For metrics, we're shipping a bunch of numbers over the wire, with some string tags. So why not something like:

  message Measurements {
    uint32 metric_id = 1;
    uint64 t0_seconds = 2;
    uint32 t0_nanoseconds = 3;
    repeated uint64 delta_nanoseconds [packed = true] = 4;
    repeated int64 values [packed = true] = 5;
  }

Where delta_nanoseconds represents a series of deltas from timestamp t0 and values has the same length as delta_nanoseconds. Tags could be sent separately:

  message Tags {
    uint32 metric_id = 1;
    repeated string tags = 2;
  }

That way you only have to send the tags if they change and the values are encoded efficiently. I bet you could have really nice granular monitoring e.g. sub ms precision quite cheaply this way.

Obviously there are further optimizations we can make if e.g. we know the values will respond nicely to delta encoding.

trask 10 months ago

You may be interested in this: https://github.com/open-telemetry/otel-arrow#benchmark-summa...

Reply View 1 reply

jcgrillo 10 months ago

Those are interesting results! I'm not surprised it works a lot better for metrics than logs and traces. Something I'd really love to have for logs/traces processing is the ability to query clp[1][2] with a dataframe interface (e.g. datafusion [3]). While I'm on that subject, I'd also prefer that interface for metrics processing. I don't need real-time streaming metrics graphs, it's perfectly fine to compute one on-demand.
I suspect something like clp is the way to go for logs-like data, that is, low entropy text with a lot of numerical content.
[1] https://www.uber.com/blog/reducing-logging-cost-by-two-order... [2] https://www.uber.com/blog/modernizing-logging-with-clp-ii/ [3] https://github.com/apache/datafusion

Reply View | 0 replies

antonyt 10 months ago

Do you know for sure that otel doesn't do this? Most collector pipelines I've seen use the batch processor, which may include exactly what you're describing. Not being obtuse, I've never looked at the source to see what it does.

Reply View 1 reply

jcgrillo 10 months ago

Not as far as I can tell from the schema definitions[1].
[1] https://github.com/open-telemetry/opentelemetry-proto/tree/v...

Reply View | 0 replies

PeterCorless 10 months ago

Most modern developers (those who got started >2000) never had to worry about hyperefficiency — i.e., bitpacking. To them bandwidth, like diskspace, is near infinite and free. Who uses a single reserved bit to set a zero or a 1 these days when you can use a whole int32 (or int64)?

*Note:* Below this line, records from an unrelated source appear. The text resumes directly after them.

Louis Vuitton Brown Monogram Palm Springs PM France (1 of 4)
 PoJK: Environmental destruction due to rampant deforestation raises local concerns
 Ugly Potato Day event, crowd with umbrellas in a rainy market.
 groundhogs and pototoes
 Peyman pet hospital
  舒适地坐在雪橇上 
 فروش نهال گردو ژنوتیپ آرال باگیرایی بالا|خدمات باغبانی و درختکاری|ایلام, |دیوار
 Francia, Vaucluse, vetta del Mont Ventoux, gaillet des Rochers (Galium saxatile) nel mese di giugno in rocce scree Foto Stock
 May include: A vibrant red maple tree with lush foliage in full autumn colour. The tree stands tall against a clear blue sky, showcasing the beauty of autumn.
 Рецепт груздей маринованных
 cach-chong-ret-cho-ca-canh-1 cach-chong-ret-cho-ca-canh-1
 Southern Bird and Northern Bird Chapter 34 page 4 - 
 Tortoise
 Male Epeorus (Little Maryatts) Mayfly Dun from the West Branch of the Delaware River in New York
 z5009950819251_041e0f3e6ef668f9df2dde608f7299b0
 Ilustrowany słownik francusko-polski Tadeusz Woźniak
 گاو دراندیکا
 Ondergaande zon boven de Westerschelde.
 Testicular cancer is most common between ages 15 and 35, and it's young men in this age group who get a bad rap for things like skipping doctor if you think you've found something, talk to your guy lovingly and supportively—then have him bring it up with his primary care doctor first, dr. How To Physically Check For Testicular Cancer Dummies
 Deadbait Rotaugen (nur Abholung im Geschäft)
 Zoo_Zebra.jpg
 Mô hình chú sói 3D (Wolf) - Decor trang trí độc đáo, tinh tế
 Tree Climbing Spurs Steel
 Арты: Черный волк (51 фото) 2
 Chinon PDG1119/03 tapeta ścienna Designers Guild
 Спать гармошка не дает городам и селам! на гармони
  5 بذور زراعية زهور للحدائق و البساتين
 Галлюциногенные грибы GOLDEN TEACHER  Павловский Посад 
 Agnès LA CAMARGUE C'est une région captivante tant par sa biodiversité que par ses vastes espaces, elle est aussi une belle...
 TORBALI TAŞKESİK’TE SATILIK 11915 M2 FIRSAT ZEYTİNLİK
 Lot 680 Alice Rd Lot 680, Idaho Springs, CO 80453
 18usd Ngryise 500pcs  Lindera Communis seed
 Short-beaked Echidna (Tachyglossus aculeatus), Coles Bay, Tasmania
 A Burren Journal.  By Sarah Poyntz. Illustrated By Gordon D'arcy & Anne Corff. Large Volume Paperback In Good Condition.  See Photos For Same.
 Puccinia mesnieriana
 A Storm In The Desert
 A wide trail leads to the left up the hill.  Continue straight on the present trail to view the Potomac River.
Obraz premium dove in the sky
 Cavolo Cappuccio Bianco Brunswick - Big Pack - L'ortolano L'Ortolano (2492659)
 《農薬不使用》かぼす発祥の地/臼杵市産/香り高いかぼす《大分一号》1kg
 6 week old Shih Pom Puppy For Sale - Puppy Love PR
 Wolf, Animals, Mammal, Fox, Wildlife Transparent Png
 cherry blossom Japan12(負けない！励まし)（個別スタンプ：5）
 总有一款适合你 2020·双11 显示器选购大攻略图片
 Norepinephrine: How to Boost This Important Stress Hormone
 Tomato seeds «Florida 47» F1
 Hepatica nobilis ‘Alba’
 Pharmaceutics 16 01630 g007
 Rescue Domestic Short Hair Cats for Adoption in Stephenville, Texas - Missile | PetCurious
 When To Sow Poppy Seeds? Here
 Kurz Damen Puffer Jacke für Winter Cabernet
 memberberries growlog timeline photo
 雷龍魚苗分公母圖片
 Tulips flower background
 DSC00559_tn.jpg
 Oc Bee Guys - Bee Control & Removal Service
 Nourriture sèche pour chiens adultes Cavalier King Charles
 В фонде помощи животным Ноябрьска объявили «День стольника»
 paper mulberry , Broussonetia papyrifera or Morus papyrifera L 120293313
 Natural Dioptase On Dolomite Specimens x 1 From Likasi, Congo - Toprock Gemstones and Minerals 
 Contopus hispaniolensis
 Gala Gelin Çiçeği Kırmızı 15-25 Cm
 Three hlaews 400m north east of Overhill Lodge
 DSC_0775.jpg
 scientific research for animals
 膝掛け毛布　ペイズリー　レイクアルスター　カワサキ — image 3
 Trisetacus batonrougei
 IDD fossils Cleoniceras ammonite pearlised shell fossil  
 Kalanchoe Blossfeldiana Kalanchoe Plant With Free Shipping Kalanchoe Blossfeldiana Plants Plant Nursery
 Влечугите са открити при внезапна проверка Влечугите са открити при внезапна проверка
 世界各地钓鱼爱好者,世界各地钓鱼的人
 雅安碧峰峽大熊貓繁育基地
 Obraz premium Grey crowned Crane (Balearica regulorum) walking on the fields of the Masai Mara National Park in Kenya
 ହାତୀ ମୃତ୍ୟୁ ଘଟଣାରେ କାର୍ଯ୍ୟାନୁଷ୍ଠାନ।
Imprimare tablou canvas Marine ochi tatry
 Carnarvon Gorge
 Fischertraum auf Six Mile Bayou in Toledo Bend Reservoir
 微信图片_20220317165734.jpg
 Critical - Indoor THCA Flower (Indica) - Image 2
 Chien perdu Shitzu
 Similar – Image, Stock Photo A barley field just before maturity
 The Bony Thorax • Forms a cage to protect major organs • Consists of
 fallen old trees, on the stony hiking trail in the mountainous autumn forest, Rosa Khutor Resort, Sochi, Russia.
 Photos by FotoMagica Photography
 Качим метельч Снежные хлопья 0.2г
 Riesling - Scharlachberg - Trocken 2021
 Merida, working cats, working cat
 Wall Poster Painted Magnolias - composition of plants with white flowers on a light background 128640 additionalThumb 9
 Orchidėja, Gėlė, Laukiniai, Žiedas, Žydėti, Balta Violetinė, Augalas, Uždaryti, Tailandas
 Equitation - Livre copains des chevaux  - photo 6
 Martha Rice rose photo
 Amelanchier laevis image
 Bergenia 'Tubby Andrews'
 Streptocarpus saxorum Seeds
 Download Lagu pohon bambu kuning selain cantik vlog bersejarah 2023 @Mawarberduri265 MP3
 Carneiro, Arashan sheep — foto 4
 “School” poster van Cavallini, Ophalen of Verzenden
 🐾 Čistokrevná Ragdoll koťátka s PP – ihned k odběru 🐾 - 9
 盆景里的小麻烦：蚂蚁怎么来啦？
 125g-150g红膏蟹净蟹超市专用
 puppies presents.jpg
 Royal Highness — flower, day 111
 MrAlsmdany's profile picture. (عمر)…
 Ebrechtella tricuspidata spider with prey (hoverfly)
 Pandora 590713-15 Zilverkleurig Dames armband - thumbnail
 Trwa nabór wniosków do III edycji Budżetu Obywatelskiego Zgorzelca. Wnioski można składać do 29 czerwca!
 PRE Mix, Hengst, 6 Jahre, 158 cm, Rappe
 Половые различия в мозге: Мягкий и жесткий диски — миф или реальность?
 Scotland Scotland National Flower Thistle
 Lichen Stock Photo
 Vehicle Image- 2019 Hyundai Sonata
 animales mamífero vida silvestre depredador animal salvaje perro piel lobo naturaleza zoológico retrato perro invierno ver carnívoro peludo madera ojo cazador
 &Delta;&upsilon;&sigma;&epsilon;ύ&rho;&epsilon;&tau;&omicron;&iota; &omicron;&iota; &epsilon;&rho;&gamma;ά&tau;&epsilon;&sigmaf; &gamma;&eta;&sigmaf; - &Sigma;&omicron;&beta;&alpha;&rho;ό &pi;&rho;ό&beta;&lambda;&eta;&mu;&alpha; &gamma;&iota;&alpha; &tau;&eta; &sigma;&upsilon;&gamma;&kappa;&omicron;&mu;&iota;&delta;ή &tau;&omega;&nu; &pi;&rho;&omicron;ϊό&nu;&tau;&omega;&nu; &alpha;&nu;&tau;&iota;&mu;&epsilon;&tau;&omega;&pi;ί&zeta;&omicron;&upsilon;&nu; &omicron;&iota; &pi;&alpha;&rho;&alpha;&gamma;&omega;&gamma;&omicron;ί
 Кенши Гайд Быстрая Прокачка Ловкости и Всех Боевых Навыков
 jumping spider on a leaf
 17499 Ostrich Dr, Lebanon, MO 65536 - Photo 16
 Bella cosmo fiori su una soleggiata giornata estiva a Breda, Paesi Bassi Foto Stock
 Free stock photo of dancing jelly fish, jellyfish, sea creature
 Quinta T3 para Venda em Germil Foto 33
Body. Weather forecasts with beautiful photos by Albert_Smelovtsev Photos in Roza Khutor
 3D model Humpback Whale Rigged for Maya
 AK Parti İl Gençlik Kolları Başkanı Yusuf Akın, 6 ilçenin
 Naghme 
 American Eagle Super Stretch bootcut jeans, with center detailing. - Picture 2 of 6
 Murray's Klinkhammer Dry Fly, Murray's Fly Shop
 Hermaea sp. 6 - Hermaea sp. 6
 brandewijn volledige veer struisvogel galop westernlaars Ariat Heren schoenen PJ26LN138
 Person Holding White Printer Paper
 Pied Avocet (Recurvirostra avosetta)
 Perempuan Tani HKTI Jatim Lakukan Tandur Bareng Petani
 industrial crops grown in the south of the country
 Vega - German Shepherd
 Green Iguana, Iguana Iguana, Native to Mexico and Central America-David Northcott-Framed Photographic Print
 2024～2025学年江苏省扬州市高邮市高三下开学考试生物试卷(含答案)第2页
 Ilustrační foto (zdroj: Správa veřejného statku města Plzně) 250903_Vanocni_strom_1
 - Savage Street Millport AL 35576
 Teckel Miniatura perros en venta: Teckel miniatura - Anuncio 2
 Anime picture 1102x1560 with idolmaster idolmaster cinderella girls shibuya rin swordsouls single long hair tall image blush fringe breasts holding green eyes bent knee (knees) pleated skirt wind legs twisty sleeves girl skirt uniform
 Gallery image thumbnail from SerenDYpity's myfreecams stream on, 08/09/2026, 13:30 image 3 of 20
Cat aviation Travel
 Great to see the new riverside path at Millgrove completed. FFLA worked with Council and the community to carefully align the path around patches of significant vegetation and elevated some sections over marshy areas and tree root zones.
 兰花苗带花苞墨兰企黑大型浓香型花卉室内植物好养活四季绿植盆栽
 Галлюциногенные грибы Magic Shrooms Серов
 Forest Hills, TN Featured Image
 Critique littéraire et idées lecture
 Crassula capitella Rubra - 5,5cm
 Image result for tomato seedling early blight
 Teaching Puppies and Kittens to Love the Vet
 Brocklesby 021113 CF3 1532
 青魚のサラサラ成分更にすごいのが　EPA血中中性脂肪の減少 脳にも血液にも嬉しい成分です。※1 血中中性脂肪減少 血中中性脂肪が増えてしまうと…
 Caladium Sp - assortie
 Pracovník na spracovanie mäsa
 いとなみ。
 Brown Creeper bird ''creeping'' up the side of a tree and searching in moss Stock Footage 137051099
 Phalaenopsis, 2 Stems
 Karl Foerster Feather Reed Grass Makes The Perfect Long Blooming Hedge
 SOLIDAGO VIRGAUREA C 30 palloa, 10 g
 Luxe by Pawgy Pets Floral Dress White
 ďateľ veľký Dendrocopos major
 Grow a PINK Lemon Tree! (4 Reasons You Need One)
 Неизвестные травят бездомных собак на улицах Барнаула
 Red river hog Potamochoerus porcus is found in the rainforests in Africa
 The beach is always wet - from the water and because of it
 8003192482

Yet I applaud your desire to make things more wire-efficient.

Reply View 2 replies

jcgrillo 10 months ago

In the cloud where data transfer fees dominate it's really important. Although nobody seems to realize this and they just pay the Amazon tax lol.

Reply View | 1 reply
- PeterCorless 10 months ago
  
  The board gathers around the monthly cloud vendor bill and wonder why they need to raise a new round just to pay it off.
  
  Reply View | 0 replies

bboreham 10 months ago

Generally you only have one point to send per series. You send all the points for ‘now’, then in N seconds you send them all again.

Reply View 3 replies

jcgrillo 10 months ago

Can you expand upon this? Why would I have more than one point per timestamp? Or am I misunderstanding?
Let's say I'm measuring some quantity, maybe the execution time of an http request handler, and that handler is firing roughly every millisecond and taking a certain amount of time to complete. I'd have about a thousand measurements per second, each with their own timestamp--which to be clear can be aliased if something happens in the same nanosecond! It's totally fine to have a delta of zero. But the point is this value is scalar--it's represented by a single point.
But it seems like you're suggesting vector-valued measurements are a common thing as well--e.g. I should expect to send multiple points per measurement? I'm struggling to think of an application where I'd want this.. I guess it would be easy enough to add more columns.. e.g. values0, values1, ...
EDIT: oh, I see, I think you're saying I should locally aggregate the measurements with some aggregation function and publish the aggregated values.. Yeah that's something I'd really prefer to avoid if possible. By aggressively aggregating to a coarse timestamp we throw away lots of interesting frequency information. But either way, I don't think that really affects this format much. You could totally use it for an aggregated measurement as well. And yeah each of these Measurements objects represents a timeseries of measurements--we'd simultaneously append to a bunch of them, one for each timeseries. I probably should have called it "Timeseries" instead.
EDIT2: It might be worth spelling out a bit why this format is efficient. It has to do with the details of how Google Protocol Buffers are encoded[1]. In particular, the timestamps are very cheap so long as the delta is small, and the values can also be cheap if they're small numbers--e.g. also deltas--which for ~continuously and sufficiently slowly varying phenomena is usually the case. Moreover, packed repeated fields[2] (which is unnecessary to specify in proto3 but I included here to be explicit about what I mean) are further efficient because they omit tags and are just a length followed by a bunch of variable-width encoded values. So this is leaning on packing, varints, and delta-encoding to be as compact as possible.
[1] https://protobuf.dev/programming-guides/encoding/ [2] https://protobuf.dev/programming-guides/encoding/#packed

Reply View | 2 replies
- bboreham 10 months ago
  
  Take a step back. You wrote:
  repeated int64 values
  I’m saying that in most cases there will only be one value, hence ‘repeated’ is unnecessary.
  I didn’t say anything about aggregation, but yes one counts things going at a thousand per second rather than sending all the detail. The Otel signal if you want detail is traces, not metrics.
  
  Reply View | 1 reply
  
  jcgrillo 10 months ago
  
  > Take a step back.
  Excuse me? Modify your tone, read what I wrote again, and this time make an effort to understand it. I'd be happy to answer any questions you might have.
  I'm sorry if this sounds harsh but I truly cannot tell if you're trolling or what.. I think I made a serious effort to understand what you were talking about, and it seems like you haven't done the same.
  
  Reply View | 0 replies